Reg Scarlett

Personal information
- Full name: Reginald Osmond Scarlett
- Born: 15 August 1934 Port Maria, St Mary, Jamaica
- Died: 14 August 2019 (aged 84) England
- Batting: Right-handed
- Bowling: Right-arm offbreak
- Relations: Bob Scarlett (brother)

International information
- National side: West Indies;

Domestic team information
- 1951/52–1959/60: Jamaica

Career statistics
| Competition | Tests | First-class |
| Matches | 3 | 17 |
| Runs scored | 54 | 477 |
| Batting average | 18.00 | 23.85 |
| 100s/50s | 0/0 | 0/2 |
| Top score | 29* | 72* |
| Balls bowled | 804 | 3,911 |
| Wickets | 2 | 48 |
| Bowling average | 104.50 | 34.12 |
| 5 wickets in innings | 0 | 2 |
| 10 wickets in match | 0 | 0 |
| Best bowling | 1/46 | 5/69 |
| Catches/stumpings | 2/– | 6/– |
- Source: Cricinfo

= Reginald Scarlett =

Jamaican cricketer (1934–2019)

Reginald Osmond Scarlett (15 August 1934 – 14 August 2019) was a West Indian cricketer who played in three Tests in 1960.

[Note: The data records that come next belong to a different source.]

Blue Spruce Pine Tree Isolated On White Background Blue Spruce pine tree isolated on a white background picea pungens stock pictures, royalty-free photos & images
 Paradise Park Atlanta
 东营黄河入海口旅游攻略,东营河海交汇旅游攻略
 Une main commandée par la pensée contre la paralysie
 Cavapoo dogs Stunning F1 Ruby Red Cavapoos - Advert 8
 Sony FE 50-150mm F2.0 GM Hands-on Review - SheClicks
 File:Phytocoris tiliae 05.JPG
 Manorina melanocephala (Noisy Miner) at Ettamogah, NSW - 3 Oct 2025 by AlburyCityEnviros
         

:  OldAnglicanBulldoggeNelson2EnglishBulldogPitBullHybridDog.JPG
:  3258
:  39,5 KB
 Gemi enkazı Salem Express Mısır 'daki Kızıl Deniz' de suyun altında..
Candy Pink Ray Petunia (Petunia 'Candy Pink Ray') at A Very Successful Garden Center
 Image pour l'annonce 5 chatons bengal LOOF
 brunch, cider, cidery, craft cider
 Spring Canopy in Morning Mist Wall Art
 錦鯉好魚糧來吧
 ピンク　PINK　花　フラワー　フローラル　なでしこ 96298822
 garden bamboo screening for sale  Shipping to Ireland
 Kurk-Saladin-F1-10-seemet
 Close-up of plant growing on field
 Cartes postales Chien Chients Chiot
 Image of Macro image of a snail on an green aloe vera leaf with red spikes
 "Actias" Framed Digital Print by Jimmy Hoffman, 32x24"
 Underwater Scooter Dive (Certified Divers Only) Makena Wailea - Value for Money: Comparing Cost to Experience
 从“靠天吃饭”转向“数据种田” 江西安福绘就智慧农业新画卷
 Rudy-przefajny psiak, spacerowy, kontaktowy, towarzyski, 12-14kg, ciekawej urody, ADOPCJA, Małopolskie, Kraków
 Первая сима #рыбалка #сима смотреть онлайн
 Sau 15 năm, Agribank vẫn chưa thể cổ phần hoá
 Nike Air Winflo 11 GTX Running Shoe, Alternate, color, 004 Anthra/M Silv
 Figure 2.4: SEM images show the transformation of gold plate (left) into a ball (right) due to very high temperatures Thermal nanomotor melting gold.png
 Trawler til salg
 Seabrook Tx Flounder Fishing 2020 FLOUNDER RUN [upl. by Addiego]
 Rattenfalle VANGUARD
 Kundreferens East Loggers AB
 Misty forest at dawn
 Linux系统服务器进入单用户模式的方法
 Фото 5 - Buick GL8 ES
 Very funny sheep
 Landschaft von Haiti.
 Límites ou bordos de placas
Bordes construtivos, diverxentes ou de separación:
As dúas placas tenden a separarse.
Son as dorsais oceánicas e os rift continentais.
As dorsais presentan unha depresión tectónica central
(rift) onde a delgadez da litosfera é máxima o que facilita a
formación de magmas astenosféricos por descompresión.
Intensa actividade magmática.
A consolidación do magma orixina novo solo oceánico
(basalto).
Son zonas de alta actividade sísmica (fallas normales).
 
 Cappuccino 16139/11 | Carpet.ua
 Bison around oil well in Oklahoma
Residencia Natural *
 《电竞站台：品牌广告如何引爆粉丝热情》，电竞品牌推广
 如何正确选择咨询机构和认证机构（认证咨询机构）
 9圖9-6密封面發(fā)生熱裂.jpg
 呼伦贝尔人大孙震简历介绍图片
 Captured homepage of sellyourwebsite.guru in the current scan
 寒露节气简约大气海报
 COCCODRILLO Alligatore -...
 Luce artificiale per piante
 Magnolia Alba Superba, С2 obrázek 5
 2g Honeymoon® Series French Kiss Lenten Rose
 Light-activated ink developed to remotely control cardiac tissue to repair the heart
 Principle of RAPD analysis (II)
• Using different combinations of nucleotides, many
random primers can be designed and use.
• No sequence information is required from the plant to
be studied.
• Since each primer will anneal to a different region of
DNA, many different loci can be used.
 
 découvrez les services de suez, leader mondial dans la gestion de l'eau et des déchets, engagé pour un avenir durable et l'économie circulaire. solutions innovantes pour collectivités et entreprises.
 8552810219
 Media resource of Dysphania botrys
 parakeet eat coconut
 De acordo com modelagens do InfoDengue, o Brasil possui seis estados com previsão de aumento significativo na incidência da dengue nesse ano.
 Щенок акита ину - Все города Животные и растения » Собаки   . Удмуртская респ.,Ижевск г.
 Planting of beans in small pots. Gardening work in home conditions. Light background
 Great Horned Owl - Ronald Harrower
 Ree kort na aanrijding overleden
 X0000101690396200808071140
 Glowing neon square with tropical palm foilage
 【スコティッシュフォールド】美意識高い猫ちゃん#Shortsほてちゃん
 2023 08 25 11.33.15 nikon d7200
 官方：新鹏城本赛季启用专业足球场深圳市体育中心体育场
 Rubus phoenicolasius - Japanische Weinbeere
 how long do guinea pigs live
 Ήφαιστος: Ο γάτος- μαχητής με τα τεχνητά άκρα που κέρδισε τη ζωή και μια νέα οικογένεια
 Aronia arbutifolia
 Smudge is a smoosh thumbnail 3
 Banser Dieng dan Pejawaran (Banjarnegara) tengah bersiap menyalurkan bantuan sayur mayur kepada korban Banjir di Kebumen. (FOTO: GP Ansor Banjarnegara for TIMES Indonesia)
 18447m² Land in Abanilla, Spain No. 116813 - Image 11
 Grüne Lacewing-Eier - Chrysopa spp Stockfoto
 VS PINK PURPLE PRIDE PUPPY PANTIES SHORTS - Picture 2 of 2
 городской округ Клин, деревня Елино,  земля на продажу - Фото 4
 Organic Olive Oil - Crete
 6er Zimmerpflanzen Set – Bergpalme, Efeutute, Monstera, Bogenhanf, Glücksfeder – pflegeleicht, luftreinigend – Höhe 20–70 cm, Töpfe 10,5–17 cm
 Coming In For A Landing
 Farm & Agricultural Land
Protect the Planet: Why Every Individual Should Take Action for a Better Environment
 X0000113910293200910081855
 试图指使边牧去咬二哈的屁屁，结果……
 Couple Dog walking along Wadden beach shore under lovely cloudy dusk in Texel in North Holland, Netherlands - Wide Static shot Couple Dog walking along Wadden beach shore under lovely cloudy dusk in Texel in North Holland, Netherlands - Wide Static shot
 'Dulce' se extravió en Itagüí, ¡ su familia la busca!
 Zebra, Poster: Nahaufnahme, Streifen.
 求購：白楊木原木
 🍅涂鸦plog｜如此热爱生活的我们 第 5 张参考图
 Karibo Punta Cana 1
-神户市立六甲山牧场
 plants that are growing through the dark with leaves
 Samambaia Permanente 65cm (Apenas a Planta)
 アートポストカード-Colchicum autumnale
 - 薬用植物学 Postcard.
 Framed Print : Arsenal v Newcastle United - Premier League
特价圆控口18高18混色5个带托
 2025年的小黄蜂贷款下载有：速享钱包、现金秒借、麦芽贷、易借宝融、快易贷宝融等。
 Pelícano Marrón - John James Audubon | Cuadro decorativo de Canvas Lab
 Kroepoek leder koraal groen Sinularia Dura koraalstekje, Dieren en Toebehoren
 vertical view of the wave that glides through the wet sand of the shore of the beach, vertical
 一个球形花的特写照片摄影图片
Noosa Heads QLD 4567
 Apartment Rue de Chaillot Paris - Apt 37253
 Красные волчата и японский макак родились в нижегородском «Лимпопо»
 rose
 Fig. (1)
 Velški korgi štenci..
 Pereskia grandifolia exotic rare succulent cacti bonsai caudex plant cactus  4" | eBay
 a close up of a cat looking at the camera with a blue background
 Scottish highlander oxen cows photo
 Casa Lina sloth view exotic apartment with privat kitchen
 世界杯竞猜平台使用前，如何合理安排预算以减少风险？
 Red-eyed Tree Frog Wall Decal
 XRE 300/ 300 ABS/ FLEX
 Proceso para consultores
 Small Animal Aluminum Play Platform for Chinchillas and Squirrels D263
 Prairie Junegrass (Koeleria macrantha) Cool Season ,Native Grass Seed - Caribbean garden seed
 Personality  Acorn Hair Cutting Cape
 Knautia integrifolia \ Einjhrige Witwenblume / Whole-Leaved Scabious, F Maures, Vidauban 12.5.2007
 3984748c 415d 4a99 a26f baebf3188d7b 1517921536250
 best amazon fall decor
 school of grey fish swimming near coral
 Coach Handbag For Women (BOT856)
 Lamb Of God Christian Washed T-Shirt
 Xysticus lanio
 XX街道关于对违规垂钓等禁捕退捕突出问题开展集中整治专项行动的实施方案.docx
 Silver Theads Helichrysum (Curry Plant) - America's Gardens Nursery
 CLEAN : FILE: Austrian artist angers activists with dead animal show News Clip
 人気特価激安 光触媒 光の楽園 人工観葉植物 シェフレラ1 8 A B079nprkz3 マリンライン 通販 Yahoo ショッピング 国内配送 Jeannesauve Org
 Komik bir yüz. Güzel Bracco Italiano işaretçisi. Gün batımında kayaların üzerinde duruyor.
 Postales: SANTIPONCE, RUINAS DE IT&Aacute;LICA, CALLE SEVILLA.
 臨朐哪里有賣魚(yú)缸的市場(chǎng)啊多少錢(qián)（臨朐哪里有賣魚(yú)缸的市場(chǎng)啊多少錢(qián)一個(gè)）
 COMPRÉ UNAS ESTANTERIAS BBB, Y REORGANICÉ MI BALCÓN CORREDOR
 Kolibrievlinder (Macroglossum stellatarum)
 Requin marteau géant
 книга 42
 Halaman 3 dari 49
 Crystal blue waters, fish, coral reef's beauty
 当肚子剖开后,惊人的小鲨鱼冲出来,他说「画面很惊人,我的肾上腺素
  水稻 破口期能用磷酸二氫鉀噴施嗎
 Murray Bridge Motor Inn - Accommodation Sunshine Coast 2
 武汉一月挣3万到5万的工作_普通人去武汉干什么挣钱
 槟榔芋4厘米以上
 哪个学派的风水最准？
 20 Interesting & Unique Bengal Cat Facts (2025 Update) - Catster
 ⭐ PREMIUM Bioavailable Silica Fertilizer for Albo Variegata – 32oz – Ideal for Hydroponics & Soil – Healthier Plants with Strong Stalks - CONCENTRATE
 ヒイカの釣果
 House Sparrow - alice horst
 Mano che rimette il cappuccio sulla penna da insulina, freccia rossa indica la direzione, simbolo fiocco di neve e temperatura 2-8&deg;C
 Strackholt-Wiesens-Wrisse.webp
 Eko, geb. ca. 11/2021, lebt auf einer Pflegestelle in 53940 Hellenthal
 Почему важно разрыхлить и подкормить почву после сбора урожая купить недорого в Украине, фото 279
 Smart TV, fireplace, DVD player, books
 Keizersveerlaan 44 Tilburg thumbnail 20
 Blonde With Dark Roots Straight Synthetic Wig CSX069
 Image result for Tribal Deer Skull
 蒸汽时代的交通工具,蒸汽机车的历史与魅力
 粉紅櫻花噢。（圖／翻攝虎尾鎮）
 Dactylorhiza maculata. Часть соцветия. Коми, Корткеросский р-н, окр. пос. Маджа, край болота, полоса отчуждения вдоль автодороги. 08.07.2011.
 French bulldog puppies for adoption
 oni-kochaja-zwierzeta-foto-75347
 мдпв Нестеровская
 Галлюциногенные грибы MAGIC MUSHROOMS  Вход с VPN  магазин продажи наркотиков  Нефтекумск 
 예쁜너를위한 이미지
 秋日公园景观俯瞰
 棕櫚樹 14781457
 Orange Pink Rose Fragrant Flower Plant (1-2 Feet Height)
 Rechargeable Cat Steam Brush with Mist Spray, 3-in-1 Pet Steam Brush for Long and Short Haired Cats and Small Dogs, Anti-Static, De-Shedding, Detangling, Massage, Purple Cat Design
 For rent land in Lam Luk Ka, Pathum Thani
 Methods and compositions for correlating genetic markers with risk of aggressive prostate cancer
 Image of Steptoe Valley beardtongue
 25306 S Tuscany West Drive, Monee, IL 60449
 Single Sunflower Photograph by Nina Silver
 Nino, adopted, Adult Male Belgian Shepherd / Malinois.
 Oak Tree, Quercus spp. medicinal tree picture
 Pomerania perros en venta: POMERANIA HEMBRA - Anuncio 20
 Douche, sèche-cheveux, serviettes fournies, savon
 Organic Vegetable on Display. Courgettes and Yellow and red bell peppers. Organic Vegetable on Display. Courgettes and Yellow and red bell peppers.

Reg Scarlett was a strongly-built lower-order batsman and off-spinner (a "mountainous figure of a man" according to Christopher Martin-Jenkins) who played first-class cricket for Jamaica from 1951–52 to 1959–60. In his first eight games to the end of the 1957–58 season he made 150 runs at 13.63 and took 20 wickets at 34.25. In each of Jamaica's two matches against the Marylebone Cricket Club (MCC) in 1953/54 he took four wickets in the first innings. He struck more productive form in mid-1958, taking 14 wickets in two matches against Barbados.

In 1959–60 Scarlett had figures of 5 for 69 against Trinidad and 3 for 107 against British Guiana, and was selected for the First Test against England. He failed in the Test and was replaced by Charran Singh, but scored 72 not out and 59 for Jamaica against the MCC (his only first-class fifties) and took three wickets, and returned to the Test team for the Third and Fourth Tests, but again achieved little.

Scarlett retired from first-class cricket after the series and moved to England, where he spent many years coaching. He established the Haringey Cricket College in Tottenham in North London, which organised cricket training and matches for local boys, several of whom became first-class players. He later became the West Indies Cricket Board's director of coaching.

He co-authored the book 100 Great West Indian Cricketers (1987) with Bridgette Lawrence. He died on August 14, 2019, the day before his 85th birthday.

Scarlett's younger brother Bob played a few games for Jamaica in the 1960s.